A Man in Full is buckets of fun but Charlie Crocker is missing something - TV Review

A Man in Full, Netflix

Jeff Daniels as Charlie Croker in episode  Courtesy of Netflix © 2024
Jeff Daniels as Charlie Croker (COURTESY OF NETFLIX)

Charlie Crocker, the lead character in A Man in Full, is the epitome of crony capitalism.

He’s the horrible underbelly where money and success meets politics and back slapping.

After the success of The Bonfire of the Vanities, novelist Tom Wolfe wanted to have another slap at the ego of the super-rich and created Crocker.

Wolfe moves the action from New York to the south and Alabama, where the powerful dress in cowboy hats and entertain their guests and business partners on hunting trips.

A Man in Full has finally been adapted for television, but it’s missing the full glory of our anti-hero.

Crocker’s preening pomposity can best be described as a mix of Francis Underwood and Donald Trump.

In House of Cards, Kevin Spacey’s character is hateful, but he’s also cunning and brilliant. He’s respected and feared.

In the Netflix mini-series, Crocker is a joke. He’s ridiculously over the top, with even his own family thinking that his schemes are ridiculous.

Crocker can’t even woo a potential investor in his business, a ‘white knight’ who might help to save him from the clutches of the banks who are looking for their billion dollars back.

Jeff Daniels as Charlie Croker, Sarah Jones as Serena Croker. Mark Hill/Netflix © 202
Charlie Croker with his wife Serena (Sarah Jones) (MARK HILL/NETFLIX)

The king of Atlanta brings the city liberal and his PETA member wife to his country hunting mansion, expecting to impress them with his machismo.

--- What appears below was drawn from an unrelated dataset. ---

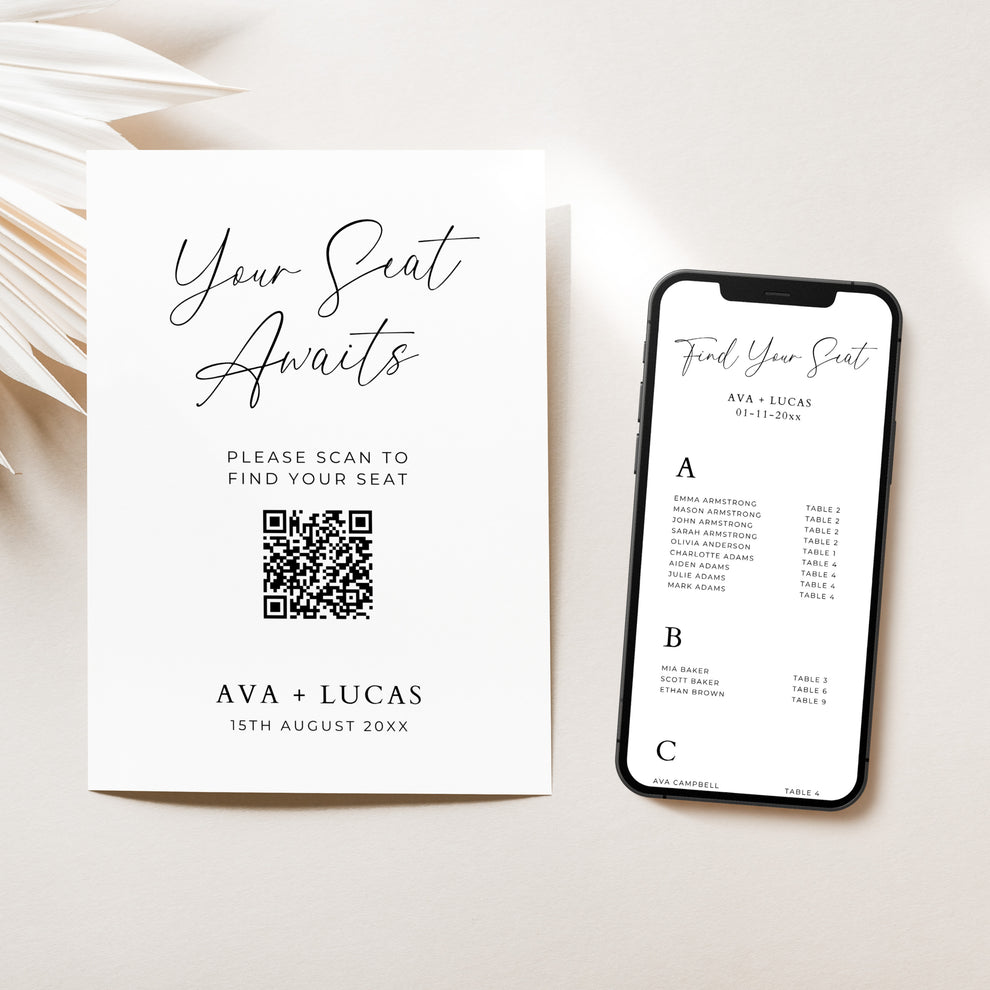 Digital Seating Chart with Menu QR Code Sign Template Amber & Rose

His wife and son warn him, but Crocker persists. He accepts he can’t bring the potential investor hunting, so instead he takes him to see his prize mare being covered by a stallion. The investor’s horrified wife describes it as a “rape scene” and they demand to leave immediately.

Croker is desperate for investment after a devastating meeting at his bank. He’s been set up by a former employee and walks into an ambush.

As he celebrates his 60th birthday, he’s met with the full reality of a bank that’s sick of his ducking and calls in its loans. He owes them $800m, while $400m is outstanding to another bank.

The bank meeting is central to the action as Crocker faces off against bank executive Harry Zale, who’s determined that Crocker finally faces the music.

Behemoths of their worlds, their clash is like a verbal sumo match as they trade downhome advice and outlandish insults.

Crocker gives some old school direction about life as a male.

Tom Pelphrey as Raymond Peepgrass, Bill Camp as Harry Zale. Courtesy of Netflix © 2024
The banking team: Tom Pelphrey as Raymond Peepgrass, Bill Camp as Harry Zale (COURTESY OF NETFLIX)

“A man’s got to shake his balls,” he offers as an opening gambit before things get serious.

When he’s riled he gets more aggressive and moves to a hunting metaphor.

“When the tailgate drops the bull***t stops,” he spits from one end of a long conference table.

Zale meets his aggression and doubles it. “I’m talking to a s**thead,” he announces to the table of advisers, nobody else uttering a syllable.

Then he asks Crocker and his party, including his young and very attractive wife, to leave the room so that they can have a “cactus”.

“Don’t you mean a caucus?” asks Crocker in his best southern drawl.

“No,” says Zale. “It’s a cactus – all the pricks are on the outside.”

And for the uppercut he hits Crocker with this as the bank client complains about Zane’s language in front of his wife: “Maybe next time leave the missus back home in the trophy case,” he barks as he smashes the door closed behind them.

It’s good stuff and there’s plenty of fun to be had, but there’s something missing with A Man in Full.

The screenplay being updated by a few decades bringing the action into modern America may be the problem, but I think the central difficulty is that there’s nothing redeeming about Crocker. Unlike Frank Underwood, there’s nothing to admire and little to root for.